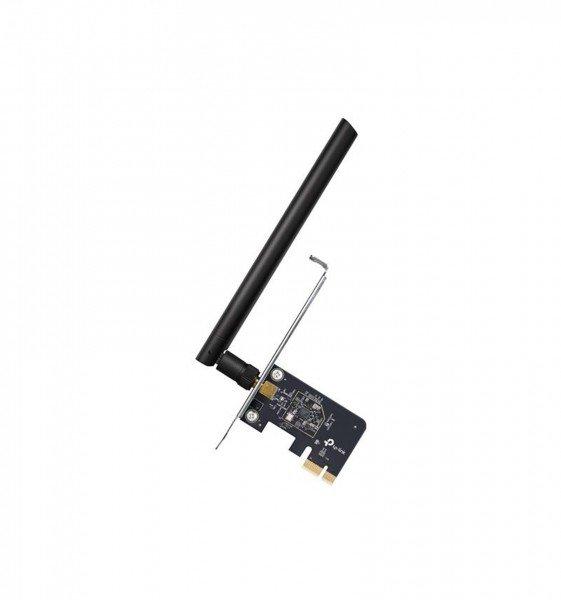TP-Link WL-PCI Express Archer T2E AC600/Dual (USB)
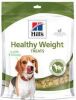 Hill&apos, s Prescription Diet Healthy Weight Treats Hondensnacks Kip 220 g Treats online kopen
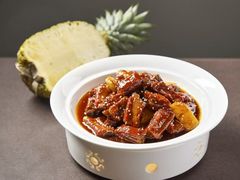 -凤凰园烤鸭店·唐山菜(唐山站店)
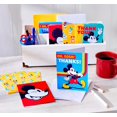 thumbnail image 4 of Paquete de tarjetas American Greetings Mickey Mouse (48 unidades), 4 of 5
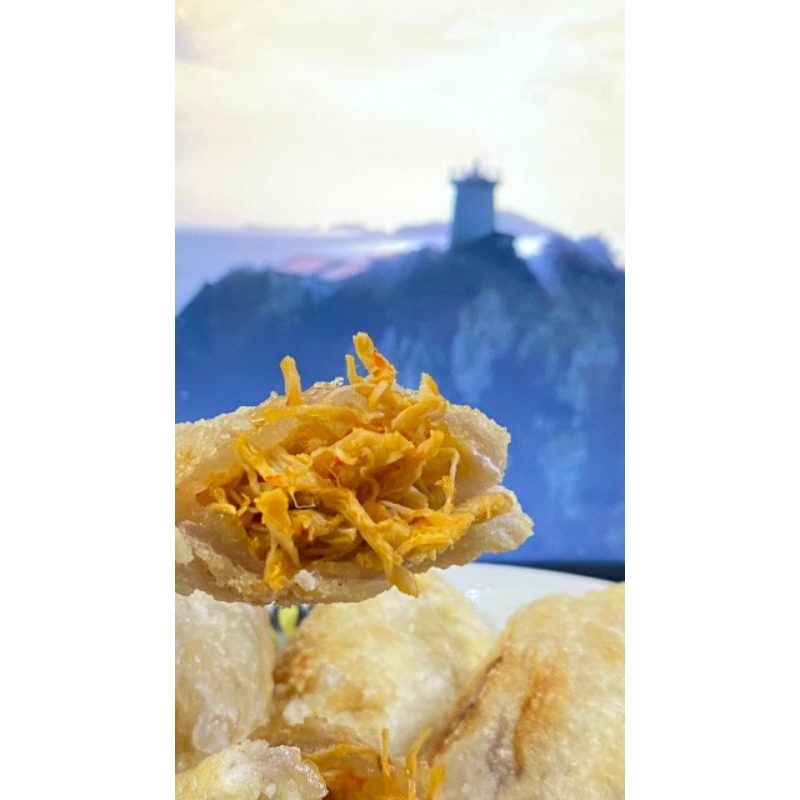 

cireng ayam frozenfood dagingasli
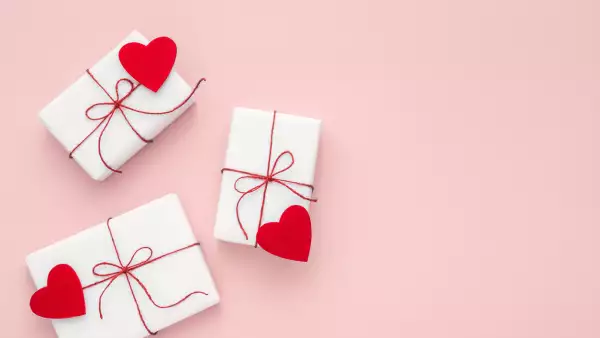 San Valentín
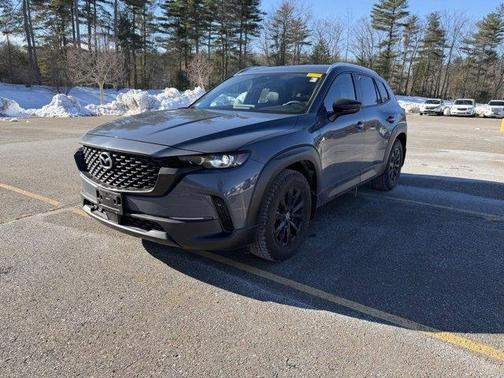 2024 Mazda CX-50 2.5 S Premium Package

▸ What to do
Reproduce the material exactly; omit the pictures.

▸ Solution
TP-Link WL-PCI Express Archer T2E AC600/Dual (USB)
 Hill&apos, s Prescription Diet Healthy Weight Treats Hondensnacks Kip 220 g Treats online kopen
 -凤凰园烤鸭店·唐山菜(唐山站店)
 thumbnail image 4 of Paquete de tarjetas American Greetings Mickey Mouse (48 unidades), 4 of 5

cireng ayam frozenfood dagingasli
 San Valentín
 2024 Mazda CX-50 2.5 S Premium Package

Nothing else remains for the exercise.